Businesses also seem to overlook the fact that the Finance Committee chair brought to light in one of his hearings, that the money was being used to purchase a new building for the department or that at a time when all other departments were banned from buying new equipment, the department of commerce and consumer affairs bought all new equipment to furnish their new offices.
Finally, businesses were upset that their fees would go to pay for something other than the regulatory oversight for which the department is responsible. Never mind that the compliance resolution fund was raided last year to the tune of $15 million and this year by another $10 million to shore up the state general fund. Where do those businesses think the $25 million was or will be spent?
As long as the compliance resolution fund remains a special fund, very little attention is given to assessing whether or not the fees are sufficient or more than sufficient to fund the operations of the various regulatory activities of the department. In fact, when lawmakers were asked when was the last time they looked at the appropriateness of the level of fees being charged, there was absolute silence in the hearing room.

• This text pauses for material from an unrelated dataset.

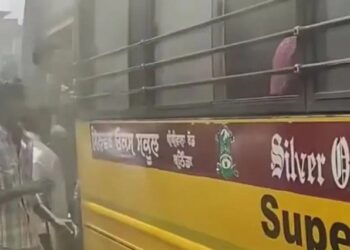 Fire breaks out in school bus full of children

With annual surpluses running in the thirty million dollar range, it is quite obvious that fees are too high. In fact, in the year after all the business registration fees were raised the state auditor discovered that a surplus of $14 million had been generated. Generating a surplus like this means businesses are being charged too much, they are literally being “ripped-off” and that added cost is being passed on to their customers.
While the veto of the bill has been sustained, businesses need to work with department officials in the interim to fashion a mechanism that will insure those fees never generate such generous surpluses again.